Rien n’est plus faux. Nous connaissons tous des «vieux» parfaitement épanouis qui sont loin d’être des vieillards et qui offrent les bienfaits de leur sagesse aux autres, conscients de ce que leur expérience, même s’ils ne sont pas toujours écoutés, reste néanmoins fort utile.
Mais il est des naufragés volontaires, ceux qui, se sachant au crépuscule de leur vie, décident de déverser ce qu’ils ont accumulé de plus mauvais en eux plutôt que de réorganiser leurs souvenirs dans une structure de pensée positive et bienfaisante aux plus jeunes générations.
C’est un bien mauvais exemple qu’a donné un de ces «vieux-là», ancien Premier ministre, à l’occasion d’une interview sur France-Culture : de la graine de violence lui sortait de la bouche, une haine pure drapée dans un semblant de droit à la liberté d’expression.
Ce n’est pas tant la défense de Maurice Papon, qu’il avait lui-même nommé Ministre du Budget, que l’on trouve choquante. Considérer que le Préfet de Gironde, sous Vichy, n’a fait que «faire fonctionner la France», est certes, plutôt suspect mais après tout, la Justice française a prouvé son désaccord avec cette façon de voir les choses en condamnant Papon à dix ans d’emprisonnement ; et c’est cela qui compte.
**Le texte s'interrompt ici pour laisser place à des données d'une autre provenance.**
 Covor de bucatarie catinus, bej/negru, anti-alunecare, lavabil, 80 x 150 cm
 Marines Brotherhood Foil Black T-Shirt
Le fait que la peine n’ait pas été appliquée comme elle aurait dû l’être est relativement secondaire, tant l’impact pédagogique d’un tel procès compte davantage que la sentence proprement dite.
Ce ne sont pas non plus ses louanges à Bruno Gollnisch, «quelqu’un de bien» et «bon conseiller municipal» qui nécessitent que l’on prenne la peine de vous alerter, chers lecteurs. Là aussi, les propos négationnistes du triste sire ont été désignés indignes par notre justice. Et, encore une fois, l’essentiel a été assuré.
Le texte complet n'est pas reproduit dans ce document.